Ron Cherry: Getting his Goat again
For many car guys, their first car holds a special place in their hearts. For Craig Thomas, it was his second one, a GTO, termed in the car community the Goat.
“I was going to junior college and had a ’57 Chevy,” he said. “It was nothing special, stock with a 283 (cubic inch engine). But then I saw a GTO and had to have it.”
He bought a ’65 GTO and drove it for two years, selling it when he was drafted.
“That car made me a GTO guy,” he said.
After his military service, Craig returned to college. Although he had American muscle cars and Porsches over the years, he never bought another GTO. But when he was set to retire about five years ago and wanted a project, he turned back to his favorite car.
“I thought, you know, I want to get back into a GTO,” he said. “I went to more car shows than usual and got to know a guy with a ’67 GTO. He put me in touch with a guy who knew a guy who had some for sale. He was a collector with a number of GTO’s and was culling the herd.”
The GTO that interested Craig was a ’67 hardtop that had been sitting for about four years with a non-op. Although it had been running when he bought it from the second owner, he’d pulled off the carb for another car. One quarter panel had extensive scraping, but the body was mostly rust free, having only the usual dents and dings.
It had originally been painted Tyrol Blue, but not much of the paint was left. The car had few options, with a standard 335 horsepower 400 cubic inch engine, but had a Turbo 400 auto trans with a Hurst Dual Gate “His & Hers” shifter.

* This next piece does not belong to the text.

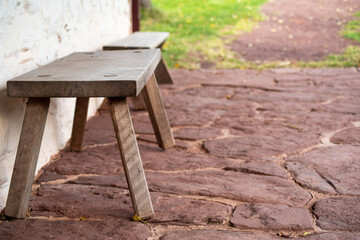 Fototapeta premium Empty bench on a colonial flagstone porch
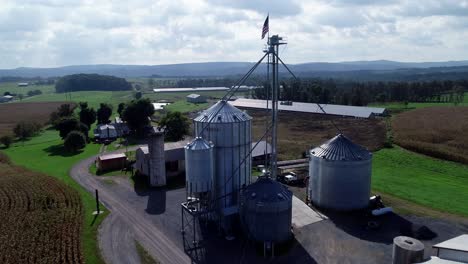 Aerial-push-in-over-cornfields-to-grain-silos-and-rising-up-over-with-view-of-flying-American-flag-at-top-of-silo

The idea was that guys could shift through each gear while gals would let the auto trans do the shifting. Way too sexist a concept nowadays, but the shifter is still called that. It had a posi rearend with 3.55:1 gearing. Although not a basket case, the car was rough inside and out. But a perfect project car.
Although not technically a frame-off restoration, Craig had the body lifted off the frame enough to put in new body mounts and repainted the frame while he did. Next, he had all the paint stripped off the car. His body and paint man found some rust under the vent grills on the cowl. There was no other rust and he fixed that. He also put on a new quarter panel rather than bondo-ing it.
“He redid all the body gaps,” Craig said. “The fit and finish is far better than factory.”
Then the body man painted all the inside of the body, roof and trunk with coating similar to Rhino bed liner to prevent rust and give a little sound insulation. Craig was not in love with the original color, but wanted to keep close to it.
“I looked at a lot of color charts and chips,” he said. “I finally settled on an Alfa Romeo color, Cobolto Blue that has some metallic, with a couple coats of clear on top. The painter was fantastic and I’m very pleased.”
Safe & efficient
Craig’s theory in the rebuild was to be as original as possible, but make his Goat safe and efficient. When Craig had the engine rebuilt, he kept it stock, but used the optional HO cam and exhaust manifolds from that year to boost horsepower. Not able to find a decent original Quadrajet carb, he opted for a modern Holley throttle-body fuel injection unit. Sitting under an HO air cleaner, it’s hard to know it’s not a carb.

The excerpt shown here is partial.